| I'm not the OP or author, but the argument against private network addresses is that such addresses break the Internet in some fundamental ways. Before I elaborate on the argument, I want to say that I have mixed feelings on the topic myself. Let's start with a simple assertion: Every computer on the Internet has an Internet address. If it has an Internet Address, it should be able to send packets to any computer on the Internet, and any other computer on the Internet should be able to send packets to it. Private networks break this assumption. Now we have machines which can send packets out, but can't receive packets, not without either making firewall rule exceptions or else doing other firewall tricks to try to make it work.
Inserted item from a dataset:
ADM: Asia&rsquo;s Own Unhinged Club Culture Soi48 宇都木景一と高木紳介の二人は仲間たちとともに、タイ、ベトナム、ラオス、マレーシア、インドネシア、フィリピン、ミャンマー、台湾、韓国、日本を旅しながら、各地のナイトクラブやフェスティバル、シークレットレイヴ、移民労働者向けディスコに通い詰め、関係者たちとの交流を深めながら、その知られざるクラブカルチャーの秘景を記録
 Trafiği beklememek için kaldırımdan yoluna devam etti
Even then, about 10-25% of the time, it doesn't work. But it goes beyond firewall rules... with IP addresses being tied to a device, every ISP would be giving every customer a block of addresses, both commercial and residential customers. We'd also have seen fast adoption of IPv6 when IPv4 ran out. Instead we seem to be stuck in perpetual limbo. On team anti-private networking addresses: - Worse service from ISPs
- IPv4 still in use past when it should have been replaced
- Complex work around overcoming firewalls I'm sure we all know the benefits of private networks, so I don't need to reiterate it. |
Honestly though... does it, all that much? Even in a world where NAT didn't exist and we all switched to IPv6, we'd still all be behind firewalls, as everyone on an IPv6 home network is today. Port forwarding would just be replaced by firewall exemptions.
Like on a philosophical level, I do wish we had a world where the end-to-end principle still held and all that, but I'm not actually sure what difference it would make, practically speaking. "Every device is reachable" didn't die because of IPv4 exhaustion or NAT, it died because of security, in reality most people don't actually want their devices to be reachable (by anyone).